Leidos is a company focused on innovative solutions, and they are seeking a Site Reliability Engineer to join their team. The role involves developing reusable solutions, automating infrastructure, and collaborating with Agile software teams to enhance CI/CD processes and deliver software efficiently.
Responsibilities:
- Gather and analyze metrics from operating systems as well as applications to assist in performance tuning and fault finding of an microservice enterprise system (cloud and on-premises)
- Partner with development teams to improve services through rigorous testing and release procedures
- Create sustainable systems and services through service automation
- Manage on-premises and private/public cloud environments via infrastructure-as-code (IaC)
- Enable the continuous integration and continuous delivery of our diverse suite of software products by applying best practices for infrastructure provisioning, configuration and automated software deployments
- Continually evaluate fielded system deployments and apply best practices to facilitate continuous improvement that can be applied across teams
- Work closely with engineering to help develop the best technical design and approach for new product installation and field service activities (software patches, cyber updates, etc.)
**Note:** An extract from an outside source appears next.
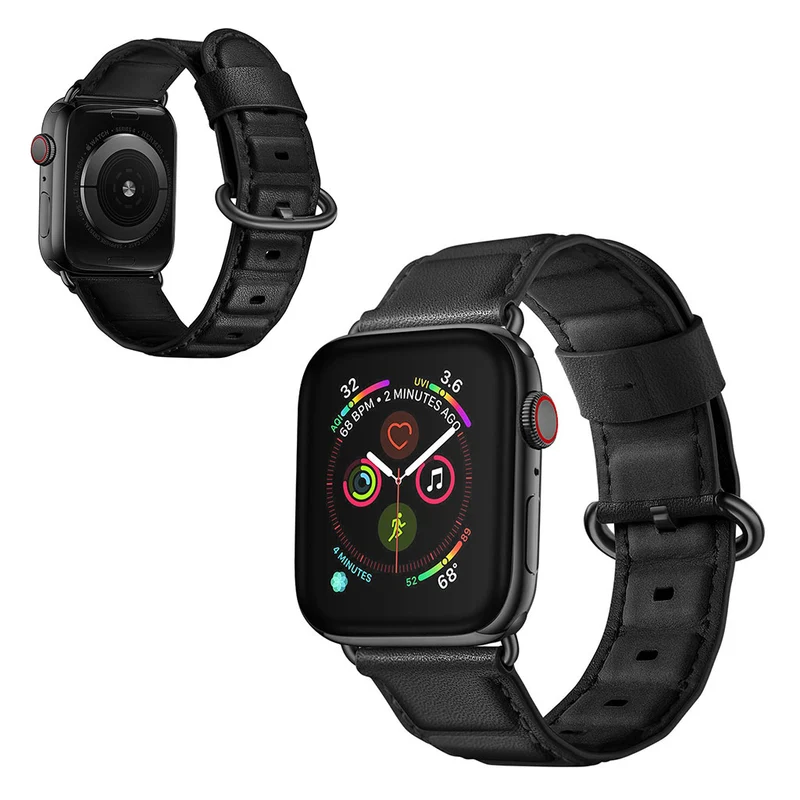 Apple Watch Series 5 44mm / Apple Watch 44mm Echtes Leder armband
- Develop solutions to complex technical issues and problems that impact multiple area or disciplines
- Communicate with internal team members across multiple areas and coordinate completion of key deliverables across teams
- Mentor other SREs in the art of deploying and maintaining production mission critical microservice enterprise systems
- Resolve roadblocks for the field service team, working collaboratively with the product engineering, technical leadership, and others. This may include participation in on call rotations
Requirements:
- Bachelor's degree in computer science or computer engineering with 4+ years of experience in a relevant field
- Experience delivering entire projects or processes spanning multiple technical areas
- Experience serving as a technical lead managing large projects or processes
- Working knowledge of Agile Development and continuous integration and continuous delivery methodologies and tools
- Expertise with Linux and Windows operating systems, network administration, and networking protocols/functions (e.g., HTTP, HTTPS, SSL/TLS, SMTP, DNS)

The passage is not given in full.